Company liquidation explained
Liquidation is the formal process of closing a company, selling its assets and using the proceeds to pay creditors, after which the company is dissolved. There are three routes in the UK: a Creditors Voluntary Liquidation (CVL), started by the directors when the company cannot pay its debts; a compulsory liquidation, forced by a court winding-up order, usually after a creditor petition; and a Members Voluntary Liquidation, used only by solvent companies. A CVL must be handled by a Licensed Insolvency Practitioner and typically costs from around £4,000 to £7,000 plus VAT for a straightforward case, paid from company assets where possible. Once a company is insolvent, directors must put creditors first. Getting advice early usually means more options and lower personal risk, so speak to a Licensed Insolvency Practitioner before you act. Insolvency Service guidance, gov.uk
- Who can run it
- A Licensed Insolvency Practitioner (legally required for a CVL)
- Typical CVL cost
- From ~£4,000 to £7,000 plus VAT, paid from assets where possible
- Three routes
- CVL (you start it) · compulsory (court forces it) · MVL (solvent only)
- Effect on the company
- Trading stops, assets are sold, the company is dissolved
- Director duty
- Once insolvent, you must act in creditors interests, not shareholders
The three types of liquidation
A Creditors Voluntary Liquidation is the most common route for an insolvent company and is started voluntarily by the directors. A compulsory liquidation is forced by the court, almost always after a winding-up petition from a creditor such as HMRC. A Members Voluntary Liquidation is only for a solvent company that can pay all its debts within 12 months and is usually a tax-efficient way to close a profitable business.

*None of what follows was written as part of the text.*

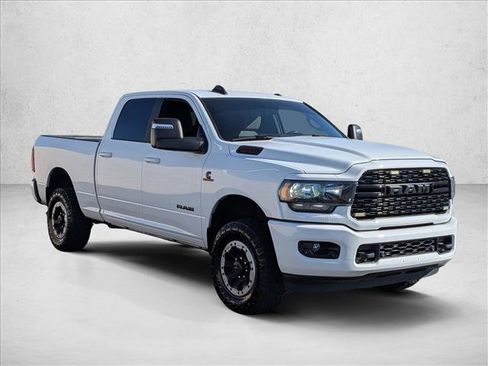 Used 2024 RAM 2500 Big Horn w/ Night Edition AWD/4WD image 3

What happens to the directors
In a standard liquidation directors are not personally liable for company debts, unless they signed a personal guarantee, have an overdrawn director loan account, or are found to have continued trading when they should not have (see wrongful trading). The liquidator reviews director conduct as a matter of routine. Many director-employees can also claim redundancy pay when the company is liquidated.
Is liquidation always the answer?
Not always. If the underlying business is viable, a administration or a Company Voluntary Arrangement may rescue it. If the company is dormant with no debts, a strike-off may be cheaper. The right route depends on your assets, debts and whether the business can trade profitably again, which is exactly what a Licensed Insolvency Practitioner will assess on a first call.
Common questions
Will I lose my house if my company is liquidated?

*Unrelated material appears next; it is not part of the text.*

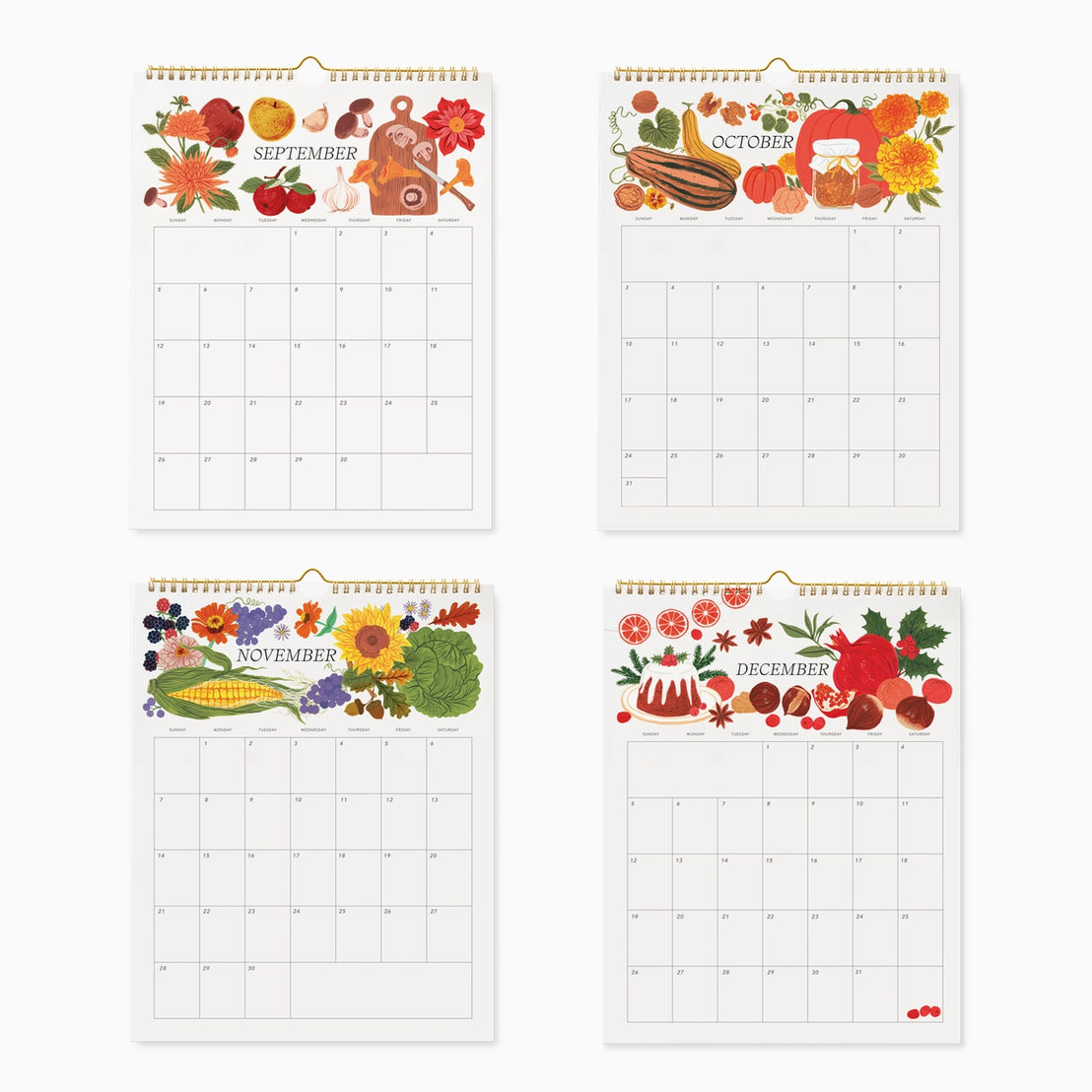 2027 Heirloom Garden Calendar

Not because of the liquidation itself. Company debts belong to the company. Your home is only at risk if you gave a personal guarantee secured on it, or owe the company money personally. Take advice before you assume the worst.

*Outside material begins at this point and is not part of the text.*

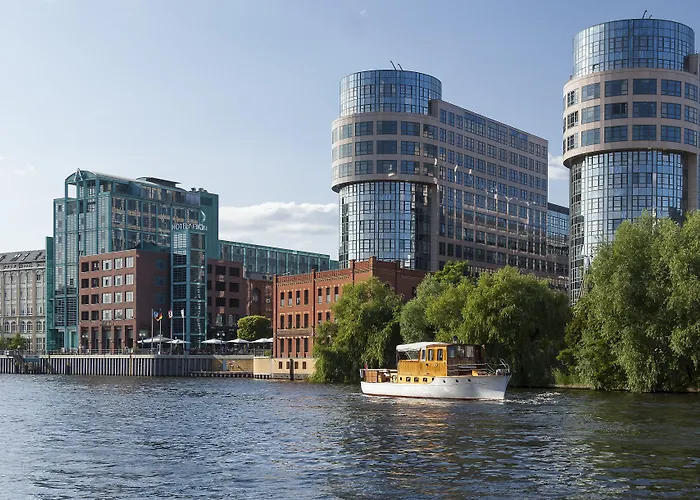 Abion Spreebogen Waterside Hotel 4*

Can I start a new company after liquidation?
Usually yes. Most directors can form a new company, subject to rules on reusing the old company name (section 216) and provided you were not disqualified. A Licensed Insolvency Practitioner will explain the restrictions.
How long does liquidation take?
The company usually stops trading and enters liquidation within a few weeks of instructing a practitioner. Fully closing the case and distributing funds can take several months to a couple of years depending on the assets and any claims.
Who pays for the liquidation?
The cost is normally met from selling the company assets. Where there are not enough assets, the fee may be funded another way, which a practitioner will discuss with you openly before you commit.